━━━ Entries provided
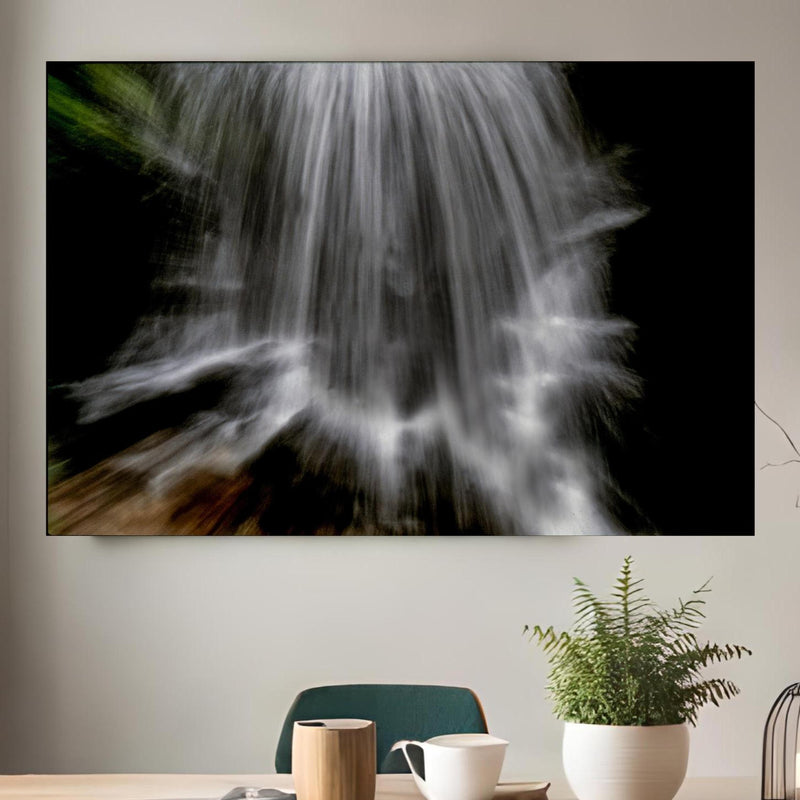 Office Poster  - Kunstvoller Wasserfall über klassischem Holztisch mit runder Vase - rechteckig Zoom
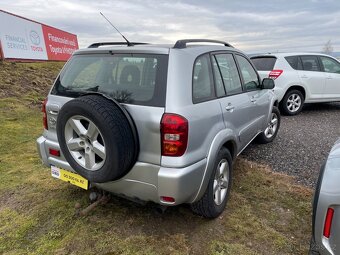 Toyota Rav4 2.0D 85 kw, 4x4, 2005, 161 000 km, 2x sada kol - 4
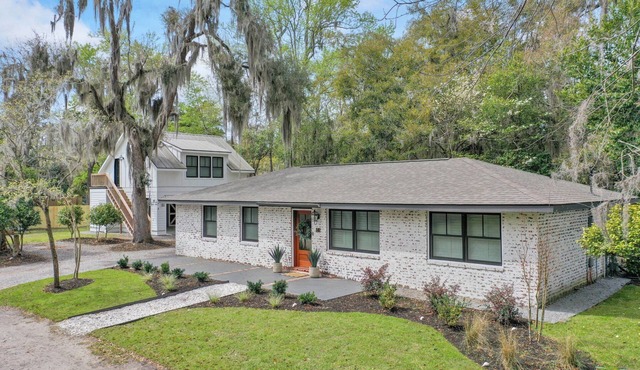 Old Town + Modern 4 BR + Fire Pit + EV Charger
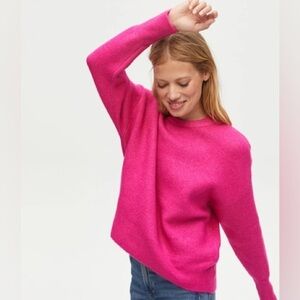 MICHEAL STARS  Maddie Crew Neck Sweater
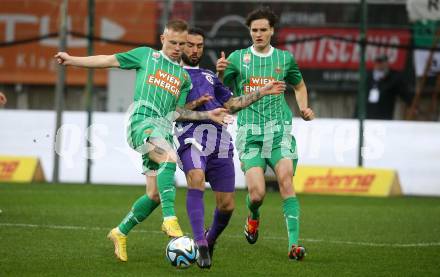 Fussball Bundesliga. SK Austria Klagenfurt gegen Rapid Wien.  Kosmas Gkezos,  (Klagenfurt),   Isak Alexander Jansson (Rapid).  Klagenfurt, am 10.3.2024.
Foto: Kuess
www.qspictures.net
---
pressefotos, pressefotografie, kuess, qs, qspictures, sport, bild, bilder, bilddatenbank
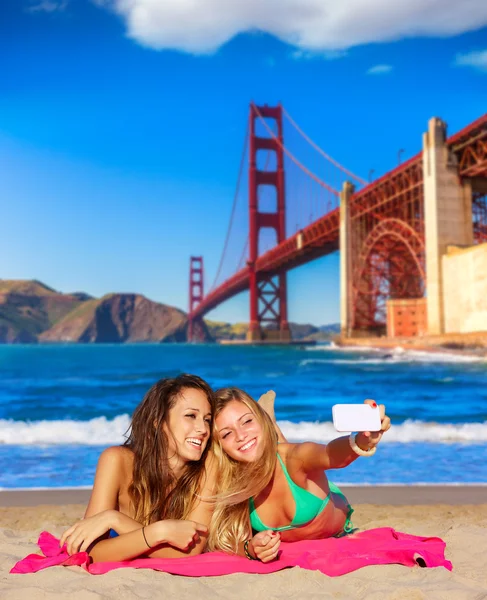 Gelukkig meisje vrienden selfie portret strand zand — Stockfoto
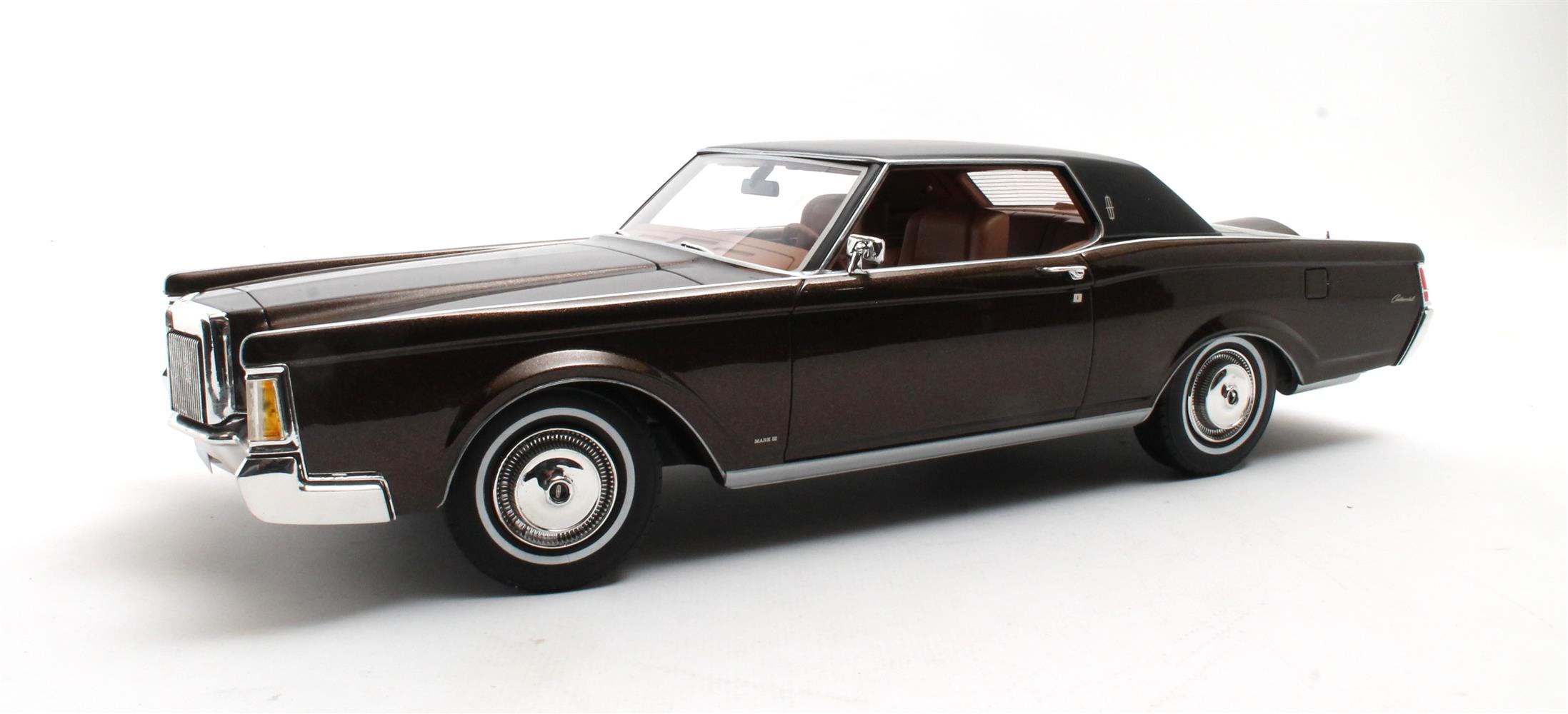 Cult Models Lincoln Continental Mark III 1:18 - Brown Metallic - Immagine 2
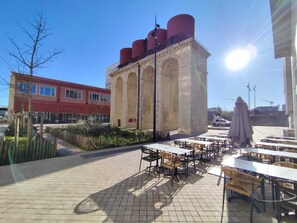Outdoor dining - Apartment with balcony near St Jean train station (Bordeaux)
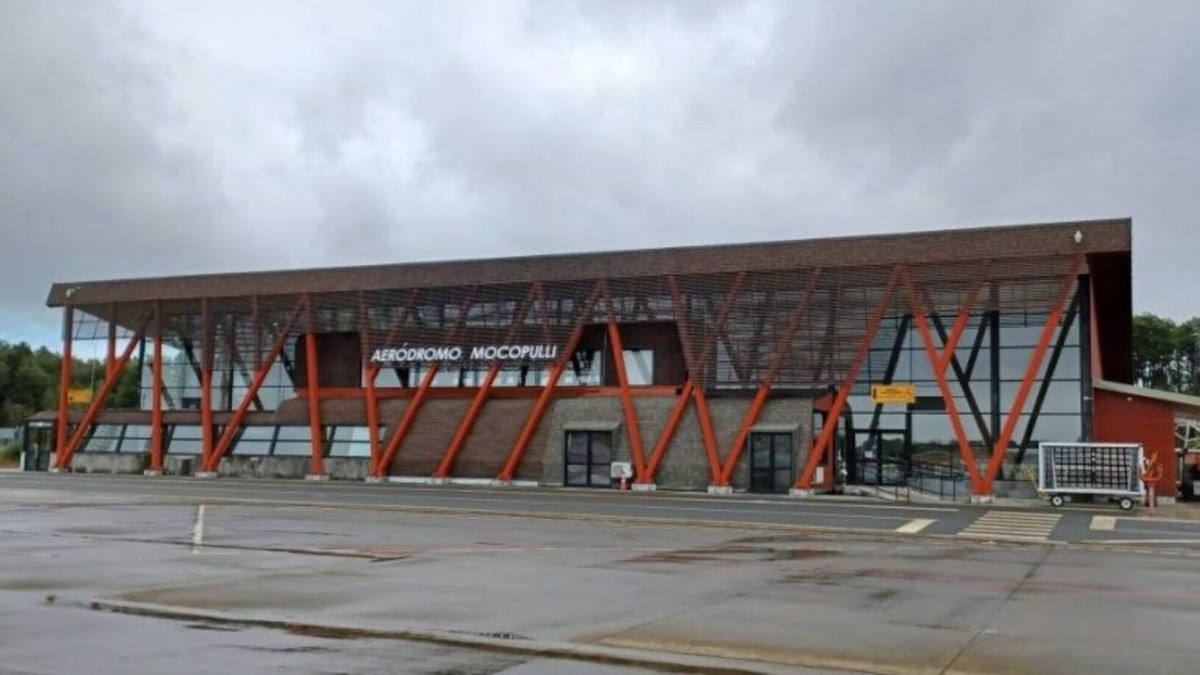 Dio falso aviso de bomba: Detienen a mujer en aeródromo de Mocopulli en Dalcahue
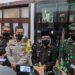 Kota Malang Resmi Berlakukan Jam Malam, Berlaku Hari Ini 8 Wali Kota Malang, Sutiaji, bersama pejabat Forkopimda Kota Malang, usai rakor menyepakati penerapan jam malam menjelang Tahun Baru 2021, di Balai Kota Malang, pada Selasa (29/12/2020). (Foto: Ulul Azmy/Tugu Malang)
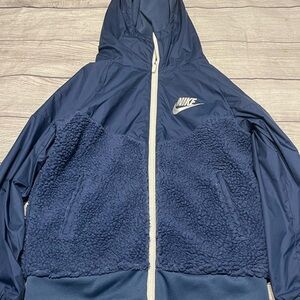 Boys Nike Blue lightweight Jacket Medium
━━━━━━
━━━ Entries provided
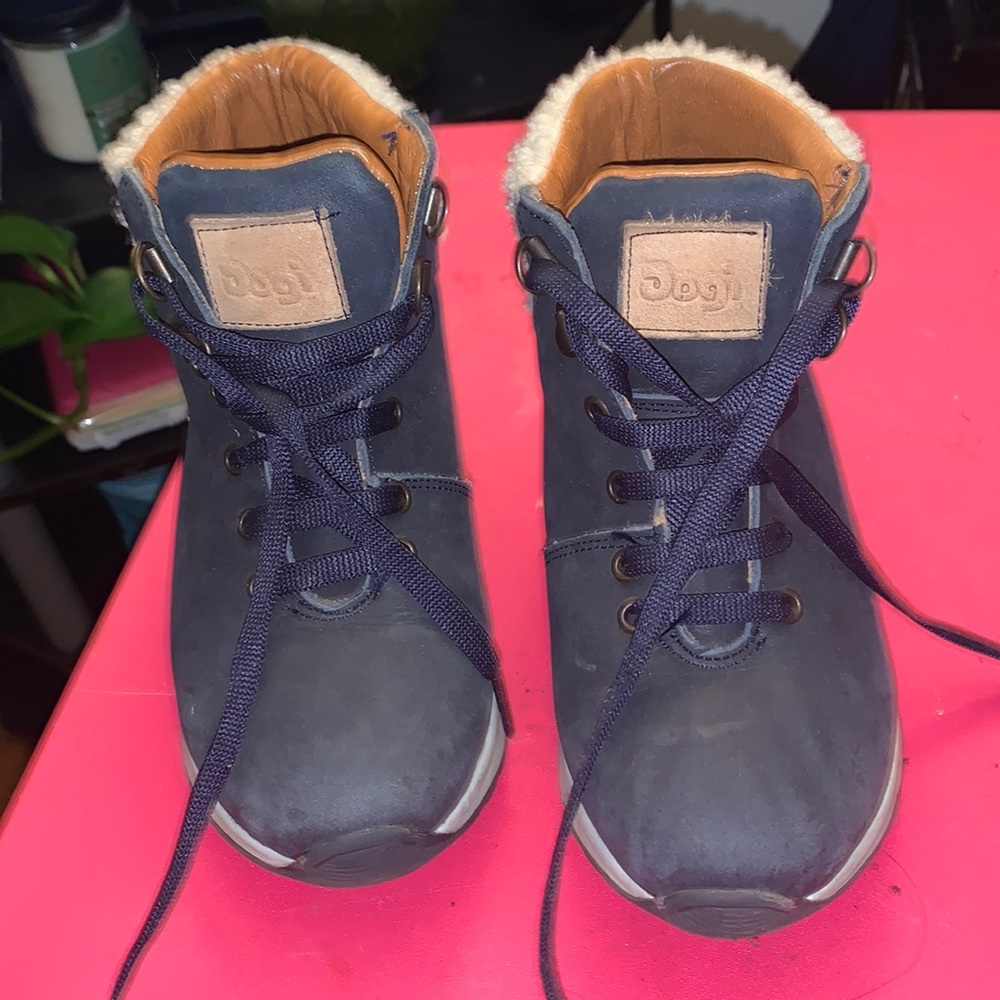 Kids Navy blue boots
━━━━━━
> _Your assignment_
Find where the line with "Cult Models Lincoln" sits in the material above and where the line with "Dio falso aviso" sits. Set down exactly the lines from the first to the second, both included and nothing else, without pictures.

> _Completed task_
 Cult Models Lincoln Continental Mark III 1:18 - Brown Metallic - Immagine 2
Outdoor dining - Apartment with balcony near St Jean train station (Bordeaux)
 Dio falso aviso de bomba: Detienen a mujer en aeródromo de Mocopulli en Dalcahue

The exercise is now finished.